Instruction for the entries below: return the part that opens with the line containing "Elefante in onice bianco" and closes with the line containing "Tabouret de Bar", exactly, and no pictures.

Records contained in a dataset
+---+

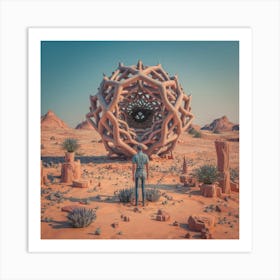 Man In The Desert 204 Art Print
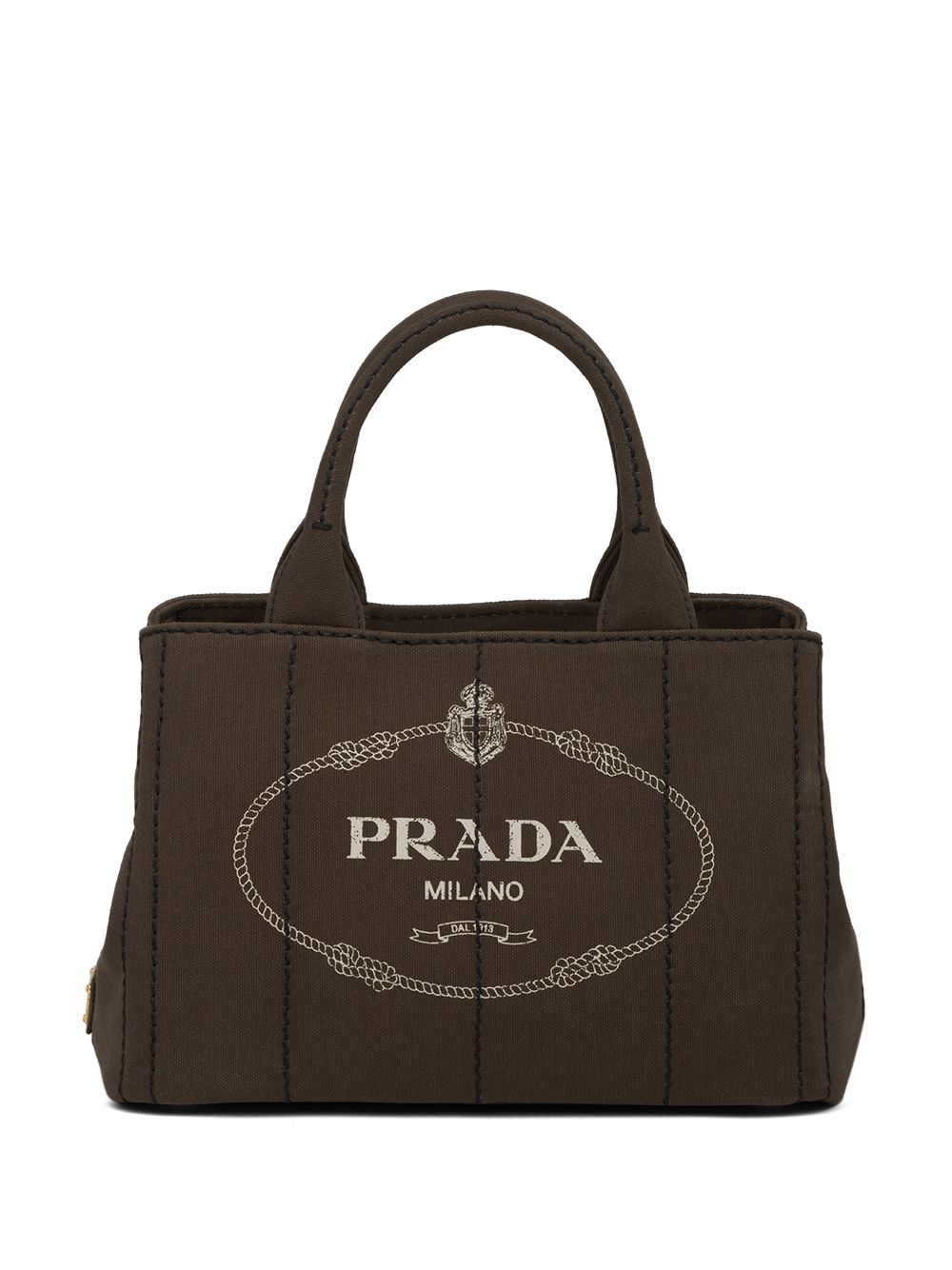 logo-print tote - 1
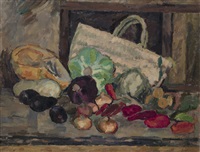 Still Life with Flowers and Still Life with..., 1931 Still Life with Flowers and Still Life with..., 1931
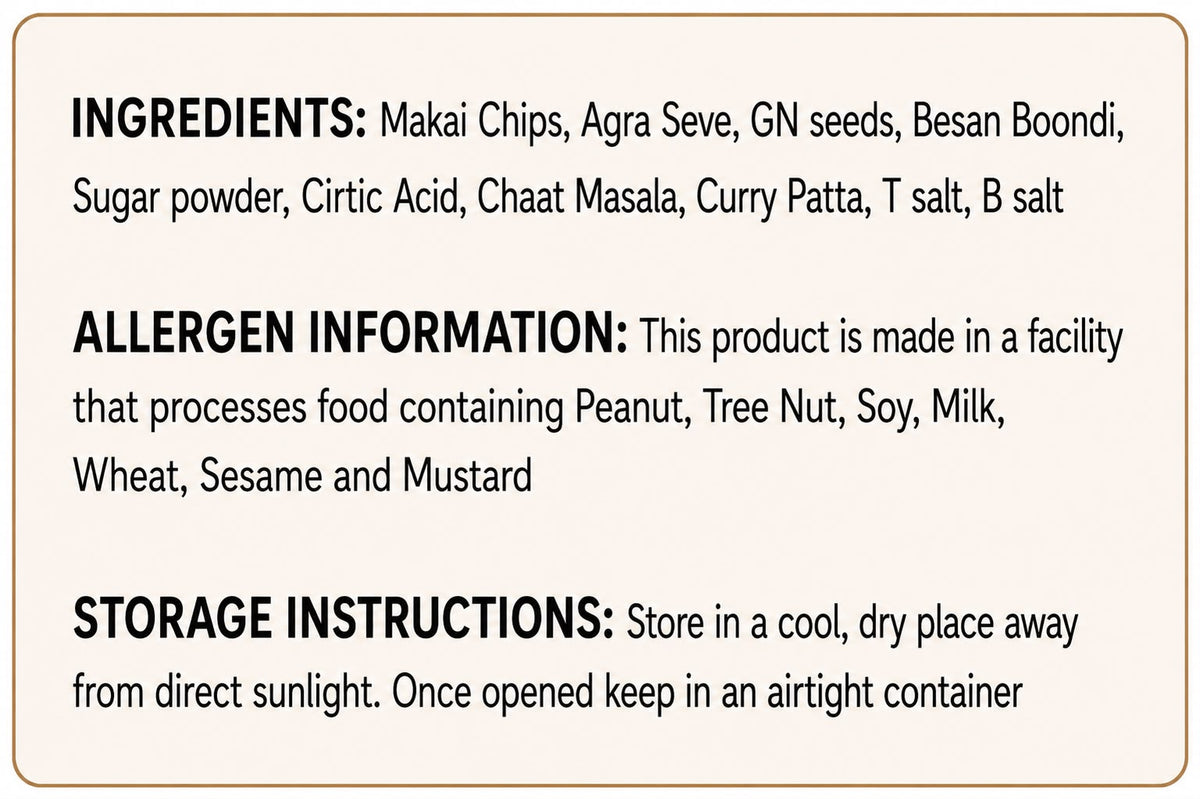 Cornflakes Mix nutritional info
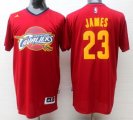 NBA Jersey Cleveland Cavaliers #23 LeBron James Red Short Sleeve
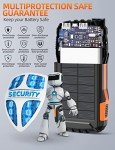 Solar Power Bank with 42800mAh Capacity and Flashlight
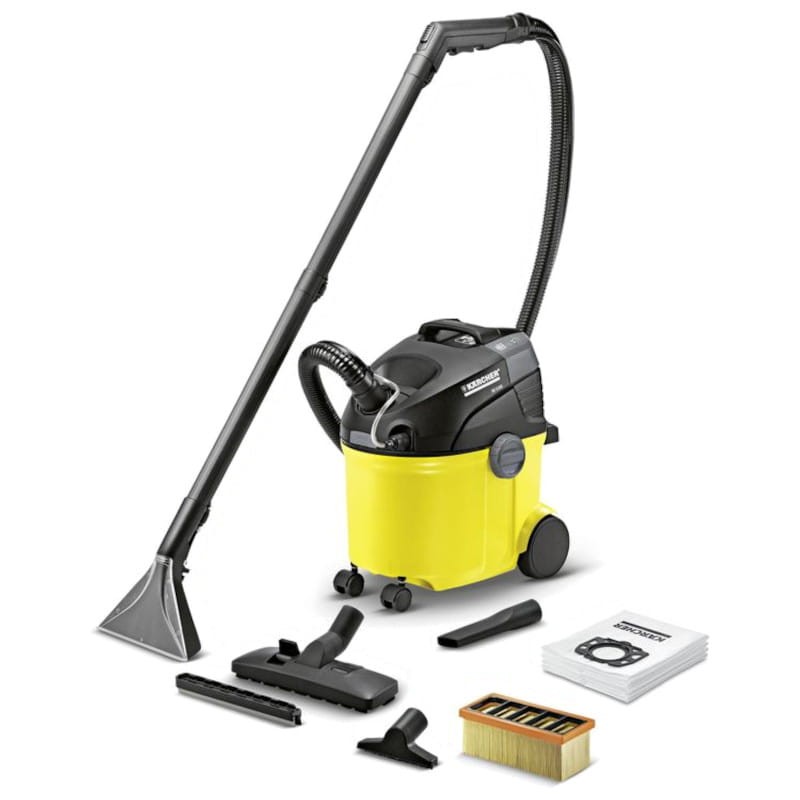 Kärcher SE 5.100 1400W Negro/Amarillo - Aspiradora 2 en 1 - Ítem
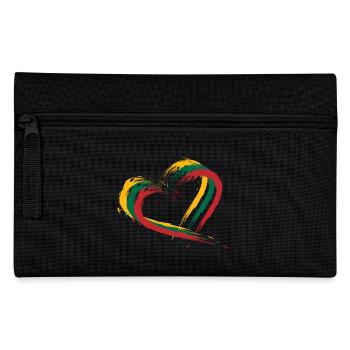 Herz Bürste Flagge Litauens - Federtasche - Schwarz - Vorne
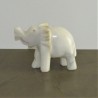 Elefante in onice bianco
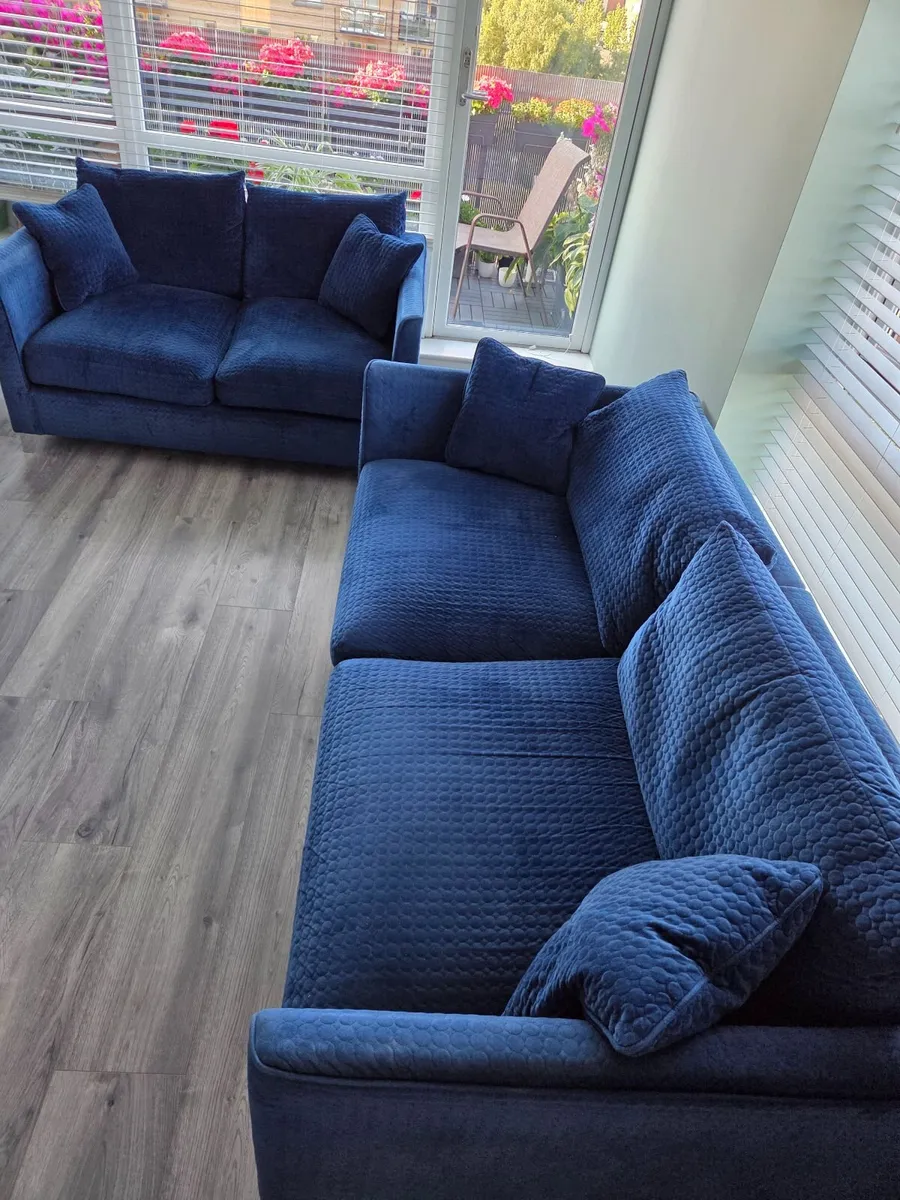 Two Harvey Norman sofas (3 and 2 seater) - Image 4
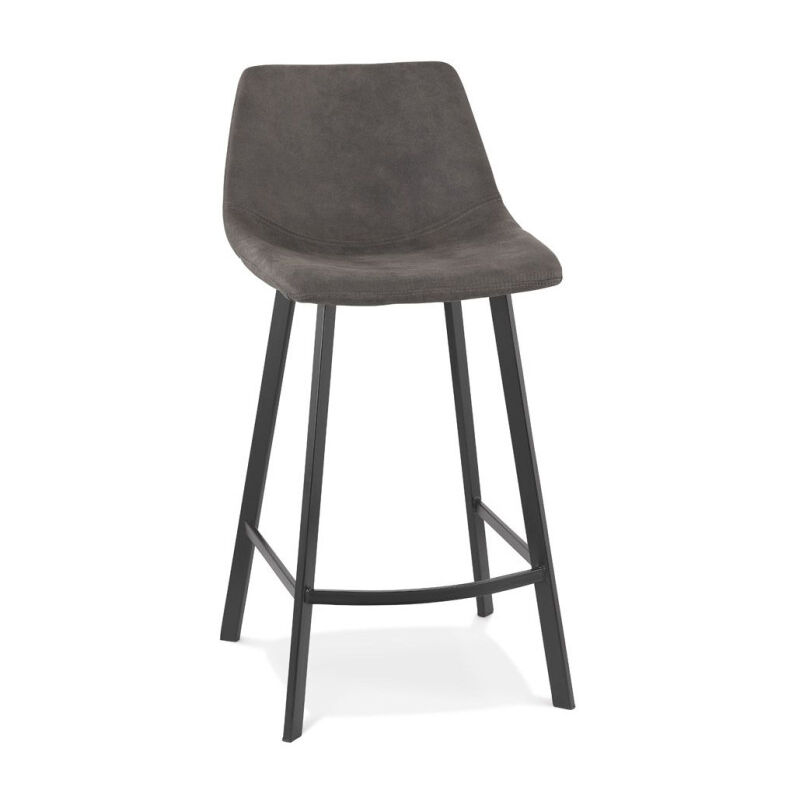 Tabouret de Bar Design 'Souvana' 90cm Gris Foncé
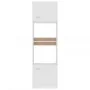 Armario de microondas madera contrachapada blanco 60x57x207 cm by , Kitchen cabinets - Ref: Foro24-3334017, Price: 213,87 €, ...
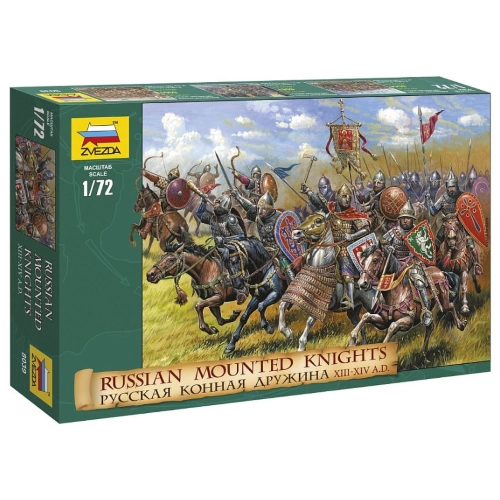 RUSSIAN MOUNTED KNIGHTS KIT 1:72 Zvezda Kit Figure Militari Modellino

+---+

Answer to this exercise:
 Elefante in onice bianco
 Two Harvey Norman sofas (3 and 2 seater) - Image 4
 Tabouret de Bar Design 'Souvana' 90cm Gris Foncé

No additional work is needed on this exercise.